[Problem to work on] Could you reproduce, word for word, everything below from the line containing "EKG frequency of" down to the line containing "SlipperyJoe's Are You", with both of those lines included and no others?

[Dataset excerpts]

□ □ □ □ □ □ □

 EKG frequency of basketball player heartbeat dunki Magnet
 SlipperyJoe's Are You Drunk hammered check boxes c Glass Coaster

□ □ □ □ □ □ □

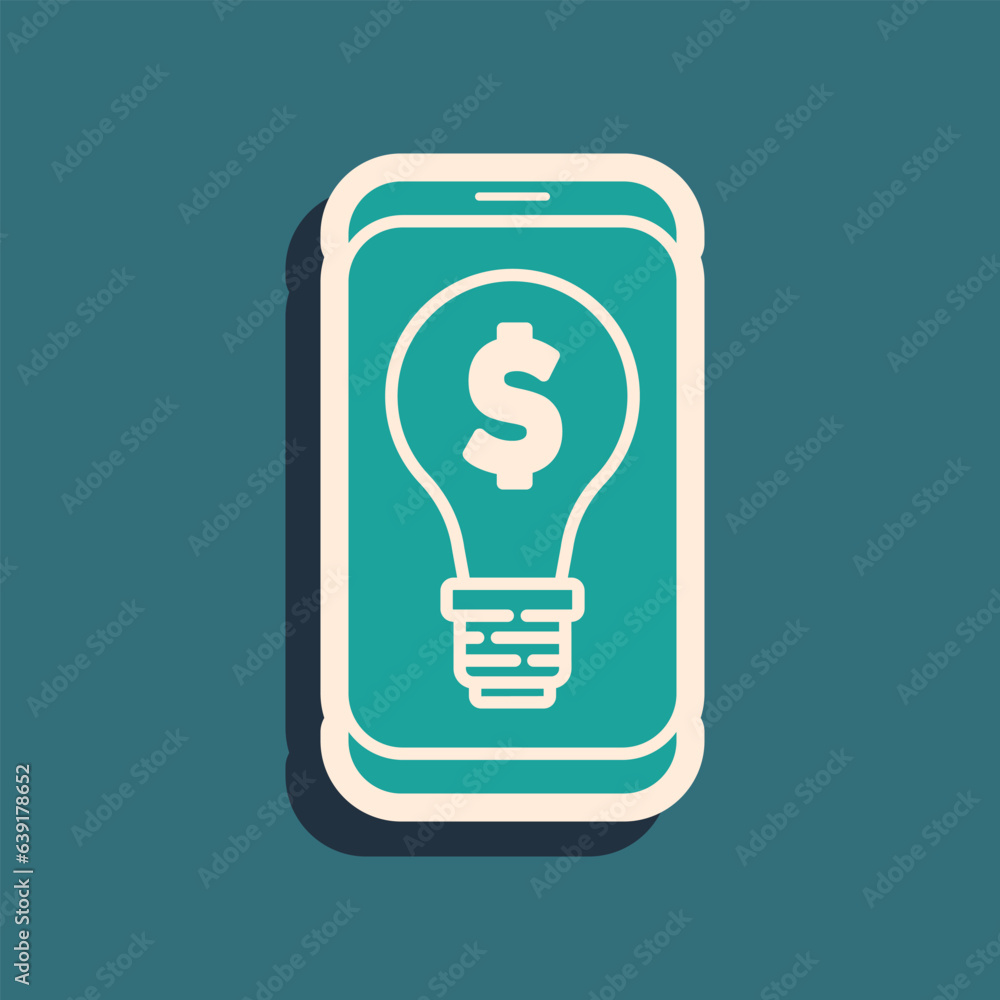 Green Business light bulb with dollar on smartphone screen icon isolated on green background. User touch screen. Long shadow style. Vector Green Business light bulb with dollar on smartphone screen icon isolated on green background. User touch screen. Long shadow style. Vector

□ □ □ □ □ □ □

[Solution to this problem]
 EKG frequency of basketball player heartbeat dunki Magnet
 SlipperyJoe's Are You Drunk hammered check boxes c Glass Coaster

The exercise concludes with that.